(Dataset records)
⁂

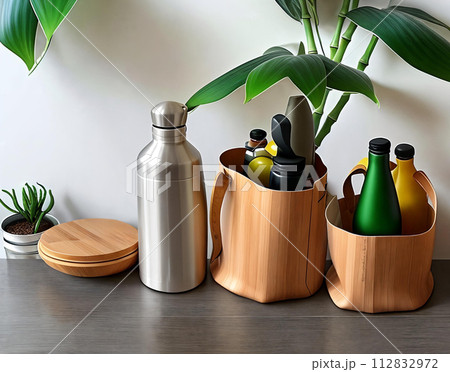 Sustainable Living. Showcase a sustainable lifestyle with a composition of reusable eco-friendly products 112832972
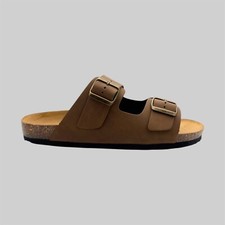 Sandali Fibbie Ciabatte Uomo Mare Nabuk Moro  Made in Italy Artigiano Toscano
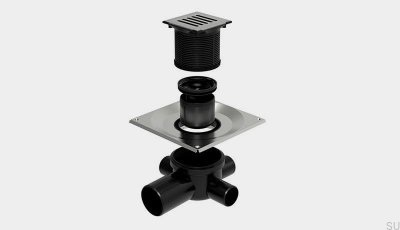ClassicLine Desagüe de columna cuadrado con salida horizontal de 75 mm y conexiones laterales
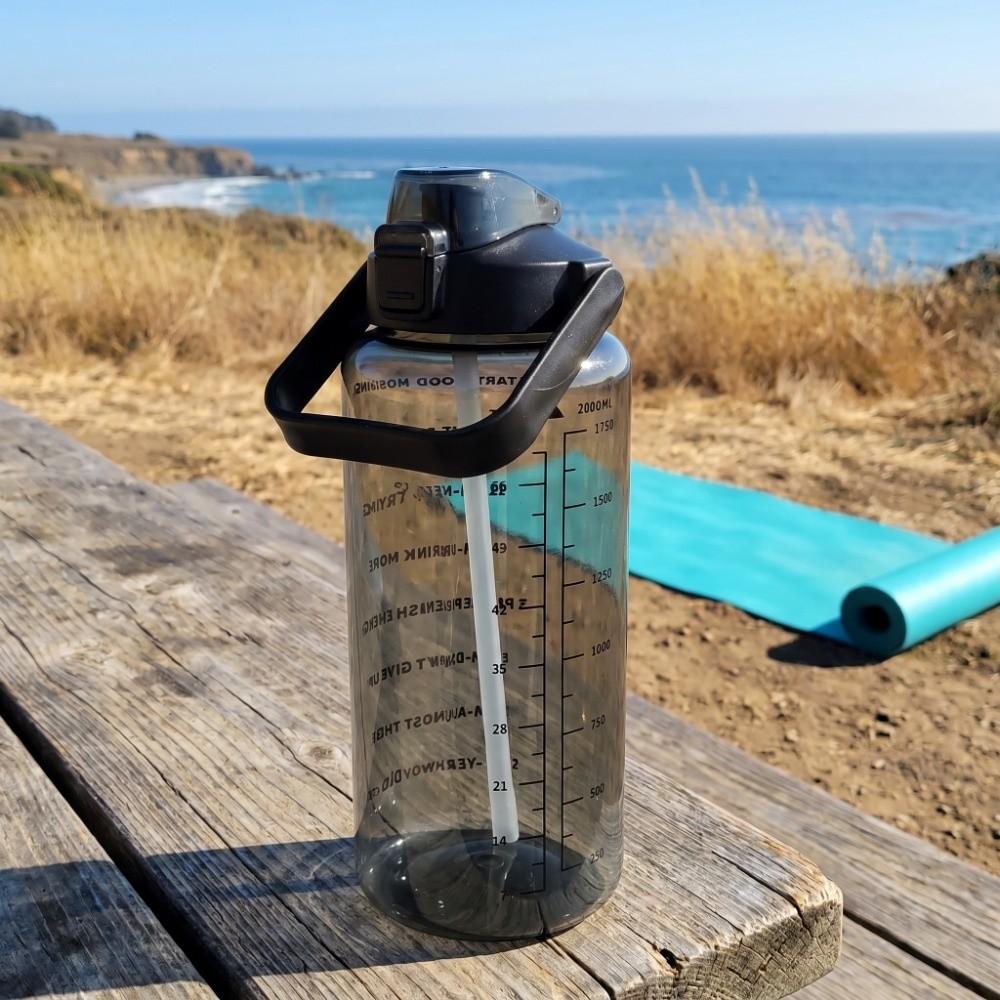 PC Sports Water Bottle 2L/67.63oz Leakproof Water Bottle Durable Water Bottle With Straw Outdoor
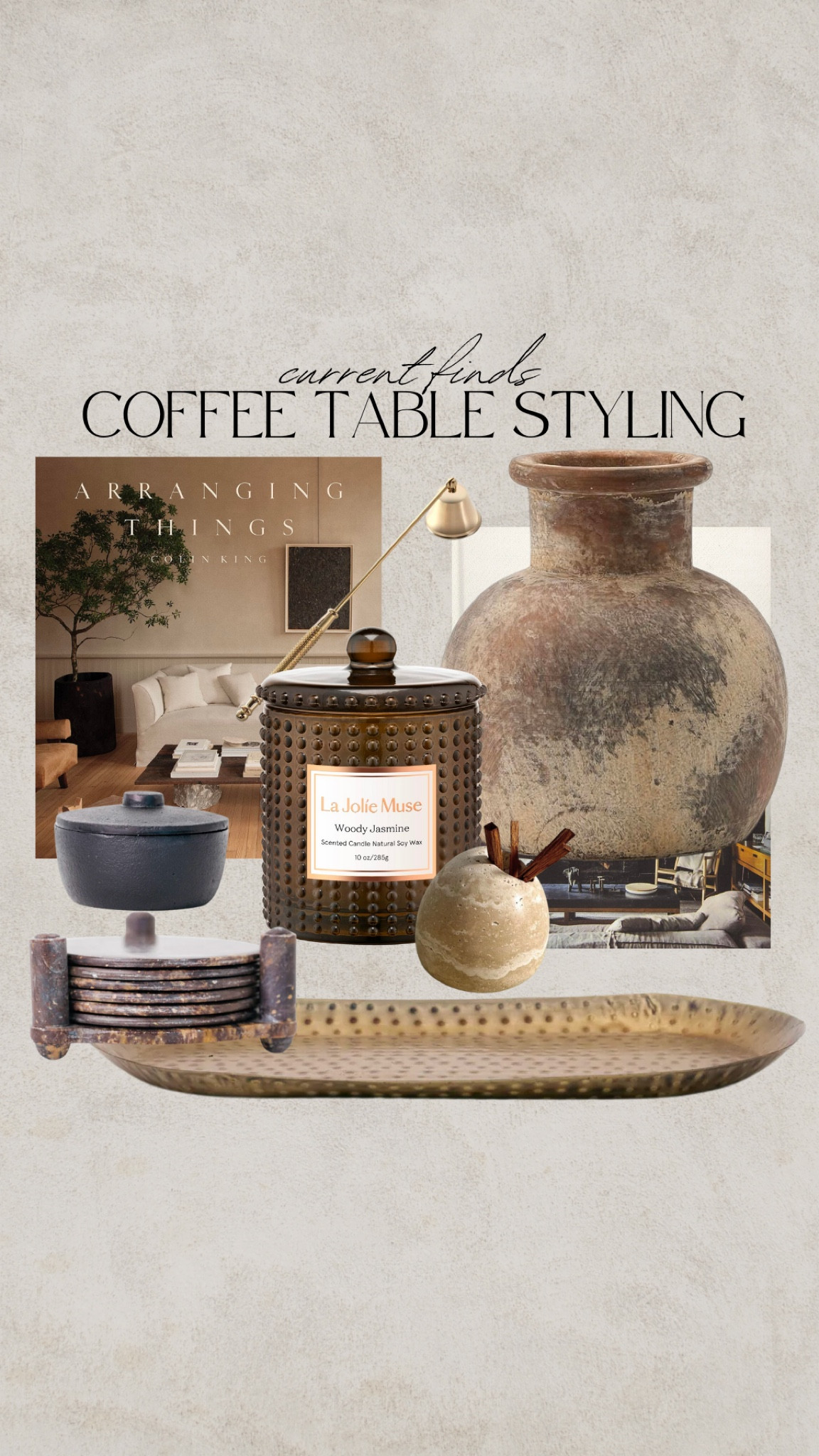 Coffee table books, vase, organic modern decor, candle, gold tray, brass tray, aged brass, hammered metal tray, antique coasters, metal coasters, black pot with lid, travertine match holder, marble match holder, gold candle snuffer, brass candle snuffer, textured vase 

#LTKhome #LTKsalealert #LTKfindsunder50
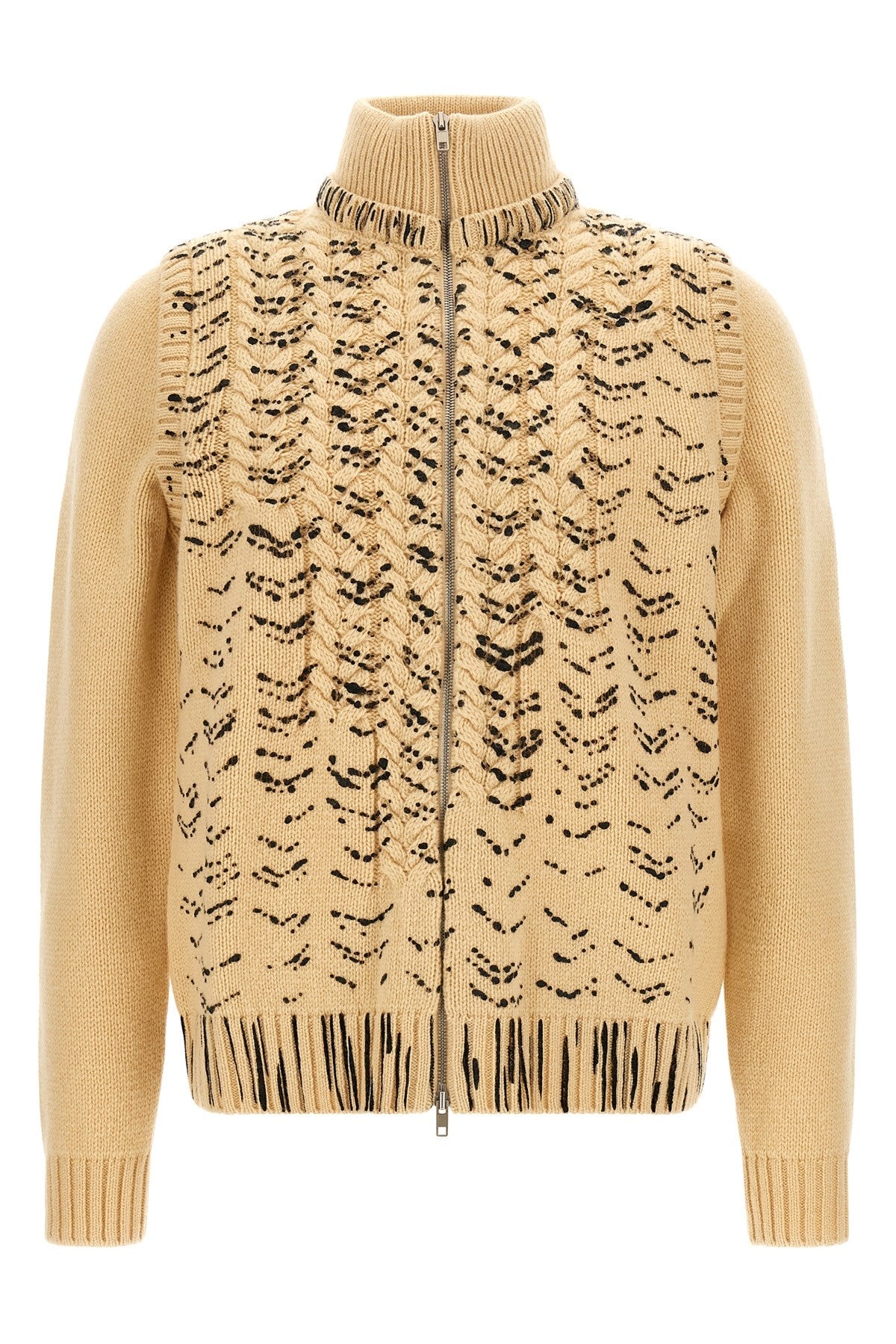 Maison Margiela Men's Openwork Knit Cardigan in Beige Wool - view 1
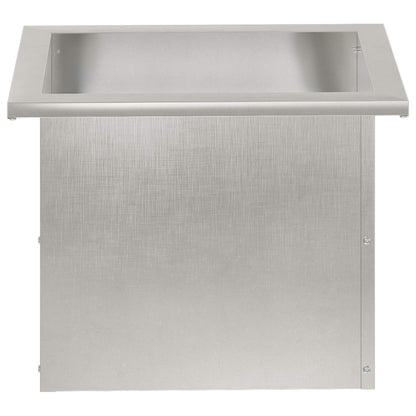 Garden Planter with LED Silver 30 x 40 x 30 cm Stainless Steel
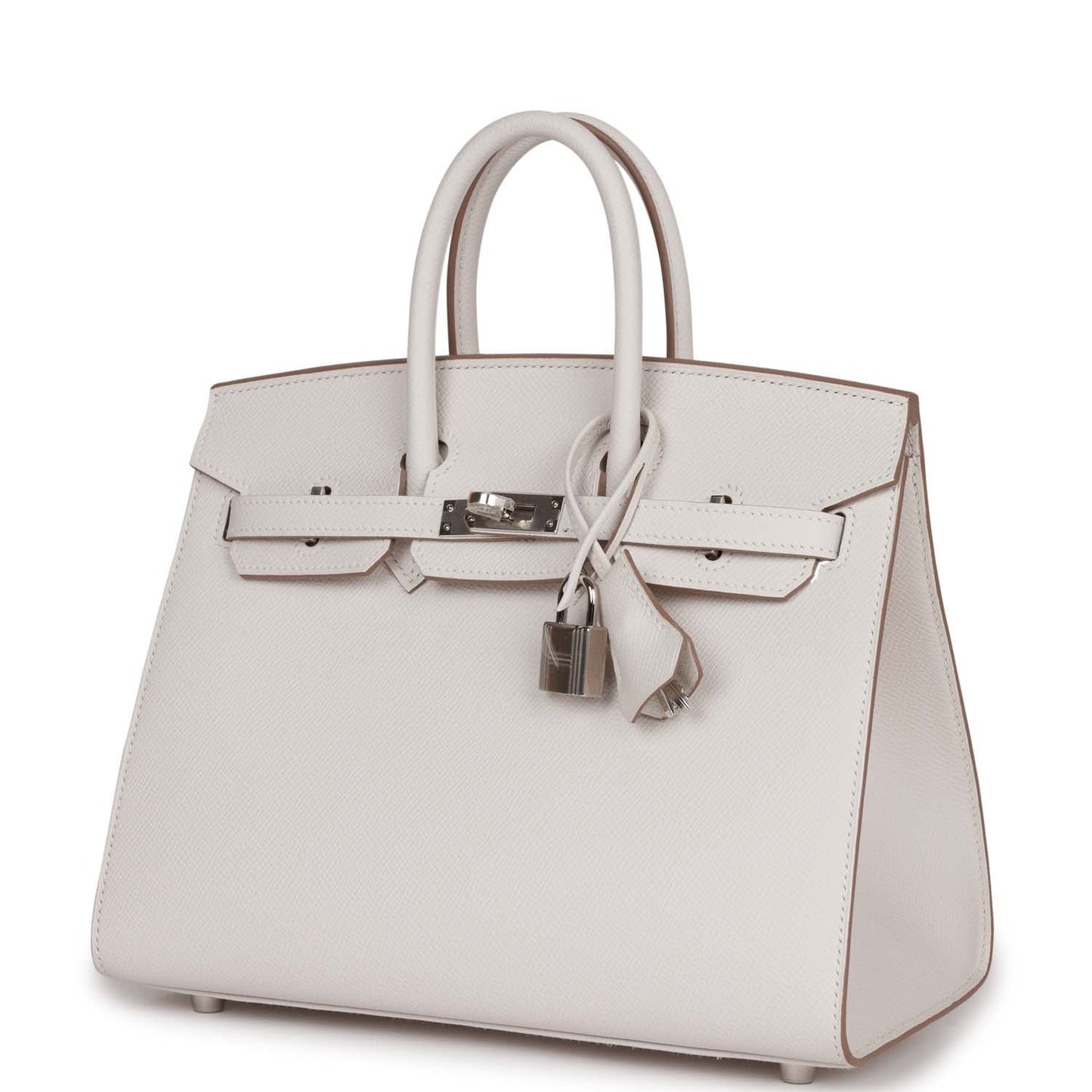Luxury Hermes Birkin Sellier 25 Gris Pale Epsom Palladium Hardware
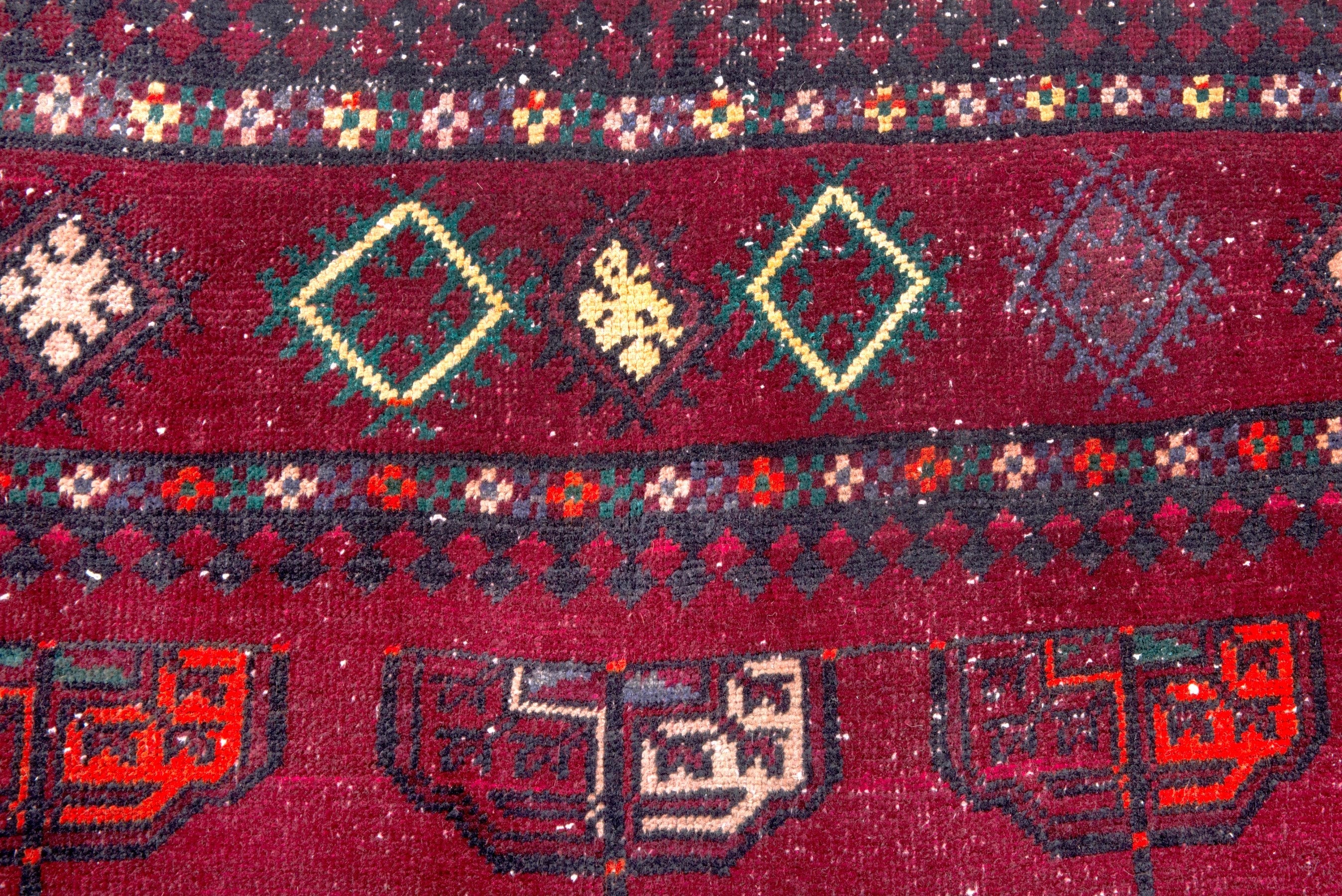 Persian Ghoochan area rug in deep red and faded red, view 14 of 19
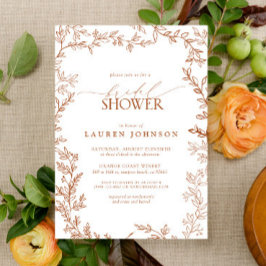 Invitación Moderna ducha nupcial en el otoño de terracota
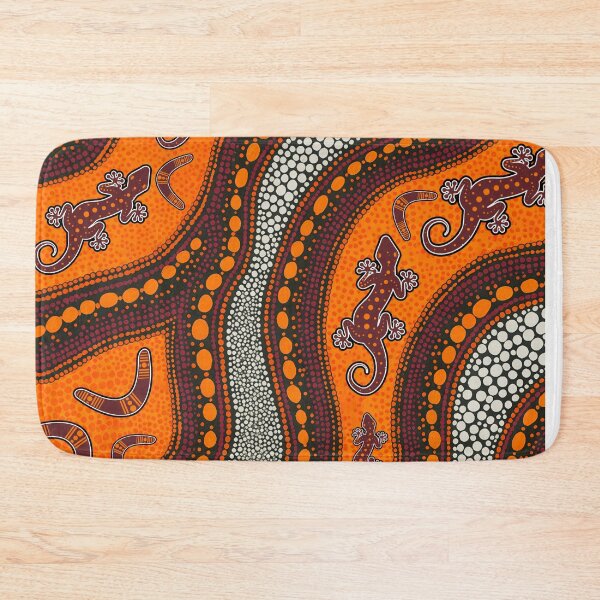 Item preview, Aboriginal Dot Painting Bedding Set Hunting Goanna Orange designed and sold by AboriginalartVI.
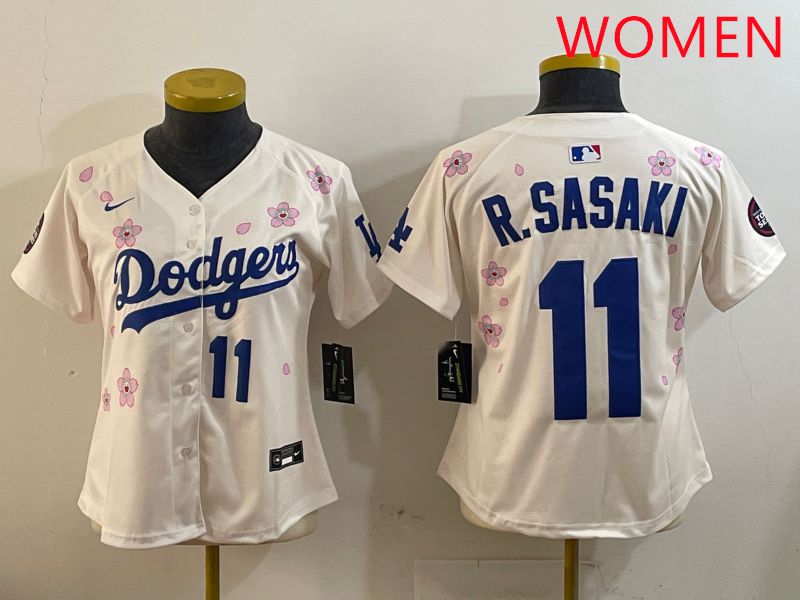 Women Los Angeles Dodgers #11 R.Sasaki Cream Sakura Edition 2025 Nike MLB Jersey style 8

⁂

> _Work request_: Your task is to set down exactly the lines that run from the line holding "#LTKhome #LTKsalealert #LTKfindsunder50" through the close of the entries, including both ends. Pictures stay out.

> _Result of this exercise_:
#LTKhome #LTKsalealert #LTKfindsunder50
 Maison Margiela Men's Openwork Knit Cardigan in Beige Wool - view 1
 Garden Planter with LED Silver 30 x 40 x 30 cm Stainless Steel
Luxury Hermes Birkin Sellier 25 Gris Pale Epsom Palladium Hardware
 Persian Ghoochan area rug in deep red and faded red, view 14 of 19
 Invitación Moderna ducha nupcial en el otoño de terracota
 Item preview, Aboriginal Dot Painting Bedding Set Hunting Goanna Orange designed and sold by AboriginalartVI.
 Women Los Angeles Dodgers #11 R.Sasaki Cream Sakura Edition 2025 Nike MLB Jersey style 8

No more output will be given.